Why controlling inflation is not the job of the RBI Governor alone

In 2021, the focus of policymakers across the globe is to not just recover and sustain growth but also to ensure price stability. Not only emerging economies, but even developed economies are dealing with price pressure. The rising inflation rate has prevented many economies from announcing further stimulus measures. Central banks in some countries have gone for a rate hike even when their own economies have not fully recovered from the pandemic-induced economic crisis.

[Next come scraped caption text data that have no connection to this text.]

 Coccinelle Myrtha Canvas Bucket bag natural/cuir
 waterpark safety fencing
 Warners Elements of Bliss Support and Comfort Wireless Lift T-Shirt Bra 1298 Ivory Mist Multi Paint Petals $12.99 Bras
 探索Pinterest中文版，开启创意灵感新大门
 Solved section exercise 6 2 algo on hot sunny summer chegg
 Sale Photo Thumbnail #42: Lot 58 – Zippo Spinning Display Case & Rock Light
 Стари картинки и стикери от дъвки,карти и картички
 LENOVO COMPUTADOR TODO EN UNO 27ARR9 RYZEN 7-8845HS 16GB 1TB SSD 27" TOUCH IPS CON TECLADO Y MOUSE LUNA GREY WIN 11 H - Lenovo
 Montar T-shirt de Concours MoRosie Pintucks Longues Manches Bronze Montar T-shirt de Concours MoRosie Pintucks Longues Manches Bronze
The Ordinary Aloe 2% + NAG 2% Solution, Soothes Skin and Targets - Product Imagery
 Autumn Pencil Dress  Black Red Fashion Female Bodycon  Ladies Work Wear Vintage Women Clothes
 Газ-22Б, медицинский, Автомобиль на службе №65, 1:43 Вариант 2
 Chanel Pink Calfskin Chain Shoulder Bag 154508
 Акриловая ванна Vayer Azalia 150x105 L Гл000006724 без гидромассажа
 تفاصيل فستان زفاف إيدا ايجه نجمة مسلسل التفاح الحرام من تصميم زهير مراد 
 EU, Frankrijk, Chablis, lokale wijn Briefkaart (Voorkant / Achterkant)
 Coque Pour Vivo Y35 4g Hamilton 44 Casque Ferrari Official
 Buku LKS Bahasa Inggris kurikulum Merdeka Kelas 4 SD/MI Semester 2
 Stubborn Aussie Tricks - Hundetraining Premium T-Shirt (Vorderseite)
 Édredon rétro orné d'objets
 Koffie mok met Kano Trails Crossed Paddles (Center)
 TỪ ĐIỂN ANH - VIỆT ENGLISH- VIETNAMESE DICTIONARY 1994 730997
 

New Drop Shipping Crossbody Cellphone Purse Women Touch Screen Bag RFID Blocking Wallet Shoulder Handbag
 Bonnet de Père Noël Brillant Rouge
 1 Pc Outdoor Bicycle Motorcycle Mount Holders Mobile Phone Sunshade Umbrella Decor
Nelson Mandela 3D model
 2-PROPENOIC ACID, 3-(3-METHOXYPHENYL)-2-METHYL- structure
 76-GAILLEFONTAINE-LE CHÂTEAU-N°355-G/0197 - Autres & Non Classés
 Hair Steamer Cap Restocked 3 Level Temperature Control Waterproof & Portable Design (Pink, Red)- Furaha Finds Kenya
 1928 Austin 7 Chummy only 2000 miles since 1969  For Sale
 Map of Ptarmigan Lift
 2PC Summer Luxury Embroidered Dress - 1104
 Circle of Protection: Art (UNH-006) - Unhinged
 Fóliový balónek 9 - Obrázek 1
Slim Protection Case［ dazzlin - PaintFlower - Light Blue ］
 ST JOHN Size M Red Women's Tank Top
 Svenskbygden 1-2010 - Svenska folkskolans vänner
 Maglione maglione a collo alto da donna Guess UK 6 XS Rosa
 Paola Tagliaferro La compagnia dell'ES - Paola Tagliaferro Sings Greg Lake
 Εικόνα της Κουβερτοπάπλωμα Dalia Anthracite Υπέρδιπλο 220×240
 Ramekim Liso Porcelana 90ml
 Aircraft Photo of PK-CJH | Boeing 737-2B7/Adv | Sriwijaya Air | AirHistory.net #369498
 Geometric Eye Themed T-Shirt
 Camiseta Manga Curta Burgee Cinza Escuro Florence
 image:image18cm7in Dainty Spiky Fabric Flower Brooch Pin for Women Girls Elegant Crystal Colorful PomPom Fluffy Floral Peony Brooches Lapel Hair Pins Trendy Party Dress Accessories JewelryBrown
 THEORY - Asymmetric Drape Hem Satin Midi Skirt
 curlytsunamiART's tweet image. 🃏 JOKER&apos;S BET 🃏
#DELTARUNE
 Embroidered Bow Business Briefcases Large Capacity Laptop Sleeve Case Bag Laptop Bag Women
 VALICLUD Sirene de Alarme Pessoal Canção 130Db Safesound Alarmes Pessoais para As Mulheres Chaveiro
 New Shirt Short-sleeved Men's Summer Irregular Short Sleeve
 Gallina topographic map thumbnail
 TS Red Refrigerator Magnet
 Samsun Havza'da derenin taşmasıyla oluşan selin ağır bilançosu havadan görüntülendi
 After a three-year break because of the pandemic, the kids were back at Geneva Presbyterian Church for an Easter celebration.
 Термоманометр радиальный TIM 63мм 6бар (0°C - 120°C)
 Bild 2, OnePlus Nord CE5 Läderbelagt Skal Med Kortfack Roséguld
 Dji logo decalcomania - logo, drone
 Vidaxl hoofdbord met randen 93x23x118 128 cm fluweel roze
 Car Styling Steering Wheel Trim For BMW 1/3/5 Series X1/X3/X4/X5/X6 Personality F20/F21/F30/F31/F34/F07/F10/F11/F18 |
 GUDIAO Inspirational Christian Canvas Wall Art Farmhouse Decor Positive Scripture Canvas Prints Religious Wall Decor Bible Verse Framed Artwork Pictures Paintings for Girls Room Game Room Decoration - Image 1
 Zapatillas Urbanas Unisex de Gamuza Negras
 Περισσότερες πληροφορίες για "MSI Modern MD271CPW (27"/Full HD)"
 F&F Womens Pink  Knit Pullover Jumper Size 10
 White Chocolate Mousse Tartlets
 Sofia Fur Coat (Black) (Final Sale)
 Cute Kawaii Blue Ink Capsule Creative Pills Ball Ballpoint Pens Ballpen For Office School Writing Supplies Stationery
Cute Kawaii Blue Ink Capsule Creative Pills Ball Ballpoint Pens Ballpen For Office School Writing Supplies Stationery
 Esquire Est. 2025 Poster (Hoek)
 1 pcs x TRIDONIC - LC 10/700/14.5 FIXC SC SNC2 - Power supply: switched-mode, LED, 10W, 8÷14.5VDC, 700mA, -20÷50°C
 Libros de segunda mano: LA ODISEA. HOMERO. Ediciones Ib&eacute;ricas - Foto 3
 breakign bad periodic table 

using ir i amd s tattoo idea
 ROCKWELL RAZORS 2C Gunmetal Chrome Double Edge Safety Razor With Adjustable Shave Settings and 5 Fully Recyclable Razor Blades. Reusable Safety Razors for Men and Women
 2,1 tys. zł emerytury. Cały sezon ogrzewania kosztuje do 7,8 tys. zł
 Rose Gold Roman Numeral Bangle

One of the major contributors for the overall rise in inflation is the surge in commodity prices. Within commodities, rising crude oil prices has burdened oil importing countries including India. In July, India imported $12.89 billion worth of petroleum crude & products (POL). And, in the same month, POL accounted for a share of 27.7 percent of the total imports to the country.

In India, inflation rate, as measured by the Consumer Price Index (CPI), is used as RBI’s monetary policy anchor. Within CPI, fuel and light account for a share of 6.84 per cent. Though the share of fuel in the CPI basket is less than 10 per cent, crude prices have a huge impact on the overall inflation rate. Higher fuel prices have a ripple effect on other commodities. Crude oil is used as a raw material in various sectors, with petrol/diesel used in transportation of goods. When the cost of production goes up, it will be passed on to consumers.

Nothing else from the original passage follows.